MC. Musician. Actor. Painter. Renaissance Man.
Chali 2na has done it all. From his days growing up on the hardscrabble streets of Chicago’s south side, to his subsequent explosion onto Los Angeles’ burgeoning hip-hop scene, to his tenure as MC for seminal hip-hop group Jurassic 5, Chali epitomizes the portrait of a 21st century artist.
To be sure, with his unmistakable, beloved baritone, Chali has firmly established himself as one of the most distinctive, charismatic personalities not just in hip-hop, but music in general.
Only a select few can say they’ve rocked microphones in front of thousands at a sold-out arena in Tokyo with Jurassic 5, spit rhymes at Lollapalooza, painted professional caliber oil color paintings in their California home and lent their distinctive bass-heavy voice, to such mega-brands as Coca Cola and Sega Dreamcast.
Now, buoyed by the wide spectrum of socio-cultural and geographical influences that have shaped him—hip-hop’s Renaissance man is poised to release his first solo album Fish Outta Water on Decon Records in the spring of 2009.
Indeed, this deeply personal body of work reveals a side of the long time Jurassic 5 and Ozomatli front man that his fans have never seen, a story from start to finish of his life, loves, triumphs and let downs, weaving in a powerful selection of beats from the likes of Scott Storch and Jake 1 and memorable appearances from Damian “Jr. Gong” and Stephen Marley, Anthony Hamilton, Beanie Man and others.
“I wanted this album to expose who I am as an artist. The majority of people know me from Jurassic 5 and Ozo, but I felt like nobody knew me as an artist,” Chali says. “I want to show you all facets of who I am. Man. Husband. Brother. Father. Son. Painter.”
Indeed, Chali’s diverse tastes—from the blues he was raised on to the political gangsta’ rap he loved to the graffiti art he sprayed as a teenager—flow from this album, like the oil colors Chali uses for his paintings.
There’s the Fury-produced, “Righteous Way,” an interpolation of Curtis Mayfield’s ”Nigga,” where Chali tells the story of his life through the eyes of his father, his 17 yearold son and himself.

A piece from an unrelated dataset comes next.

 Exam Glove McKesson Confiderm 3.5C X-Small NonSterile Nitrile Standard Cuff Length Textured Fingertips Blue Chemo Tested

Or the Scott Storch driven “Love Is Gonna Get You,” where Chali offers up his own take on the fabled KRS-One song that inspired this 21st century version. ”KRS was talking about how love was going to engulf his brother. This song talks about how love makes you do the strangest things, how it infects your heart and changes you forever,” he said.
Of course, no body of work involving Chali 2na would be complete without his trademark, articulate, spitfire rhymes, the sort of fearsome battle raps which first caught the ear of so many back when he honed his skills in Los Angeles’ storied underground hip-hop scene of the early nineties.
On “Don’t Stop,” featuring the ever soulful Anthony Hamilton, Chali beckons everyone– from revolutionaries to thugs to dime pieces–to leave their troubles at home over a melodic, flute-infused hook.
“Getting sick of the bickering from my peers and such. Bringing lyrics to keep your ears in touch,” he rhymes, daring anyone to test his mettle while playfully requesting that you too take your body to the dance floor in the same breath.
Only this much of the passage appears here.